The shift in tone reflected the changing dynamic between the digital assets sector and Washington regulators. The past year has seen an inflection point, one where the industry is not just defending itself from regulatory overreach but actively shaping the frameworks that will govern it for the next decade.
Joining Chervinsky were three prominent voices in crypto policy and law: Amanda Tuminelli, Executive Director of the DeFi Education Fund; Jason Gottlieb, Partner and Head of Digital Assets at Morrison Cohen; and Judd Littleton, Partner at Sullivan & Cromwell. Together, they explored how rulemaking, once a defensive battleground, has become the industry’s most strategic opportunity.
From Defense to Design
Littleton, an administrative law expert, traced the journey from litigation to collaboration. “A year ago, I was focused on fighting nonsensical rules like the SEC’s dealer-registration proposal,” he recalled. “Now, we’re working with an administration that’s at least open to granting regulatory relief.
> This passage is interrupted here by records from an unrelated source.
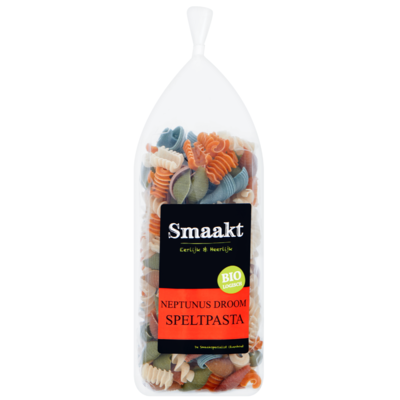 Smaakt Neptunus droom speltpasta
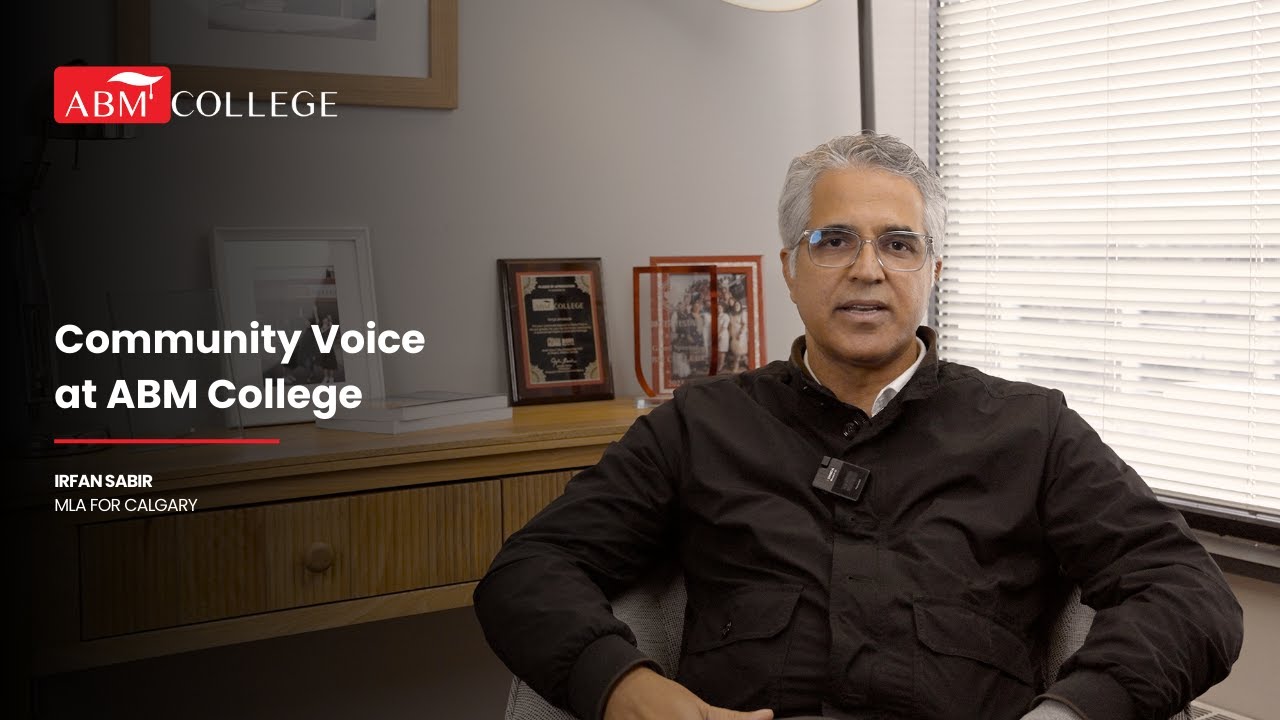 Community Voice at ABM College | Irfan Sabir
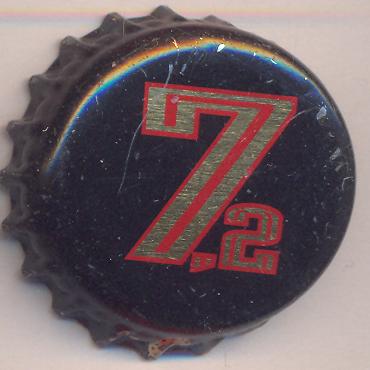 Beer cap Nr.16303: Pripps Extra Strong 7,2 produced by AB Pripps Bryggerier/Göteborg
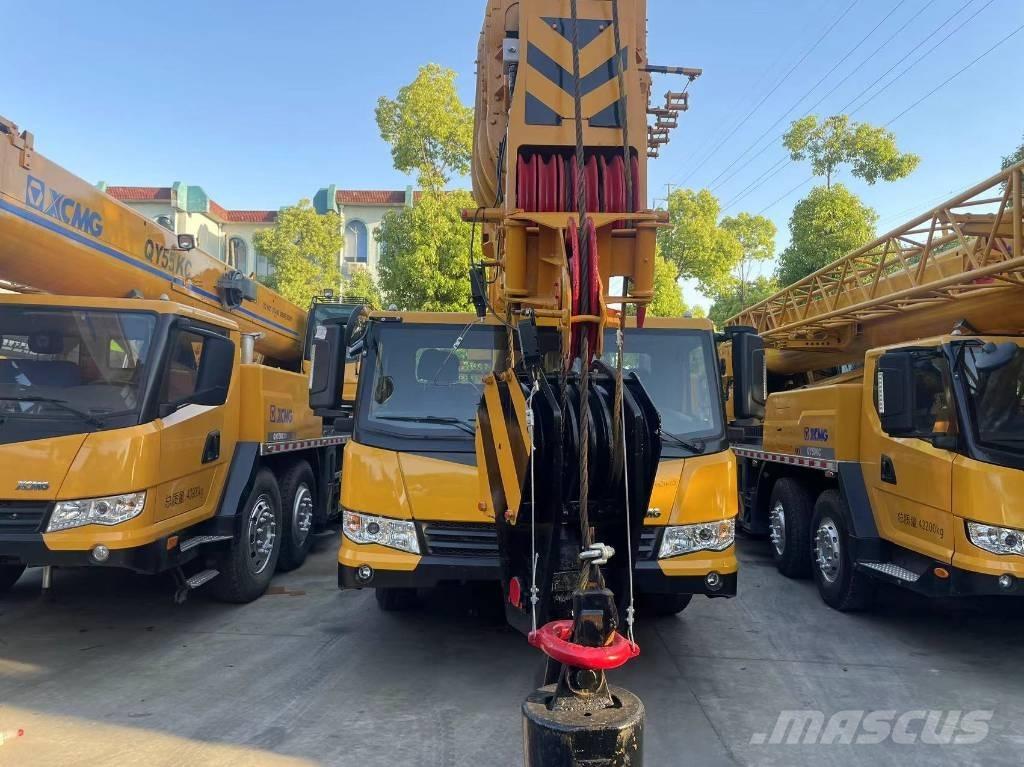 XCMG QY55KC Polovne dizalice za sve terene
That changes everything.”
But change also brings complexity. As Littleton explained, it’s easier to fight bad rules than to draft good ones. “When you’re opposing everything Gary Gensler comes up with, that’s easy,” he quipped. “But crafting well-calibrated, defensible rules, that’s harder. Because once the rule is your rule, you’re the one who might face litigation.”
His point was sobering: rulemaking is not a one-way street. Every exemption, safe harbor, or interpretive guidance granted to crypto builders could trigger lawsuits from incumbent financial interests or activist groups on the other side. The industry, in other words, must now learn to play both offense and defense simultaneously.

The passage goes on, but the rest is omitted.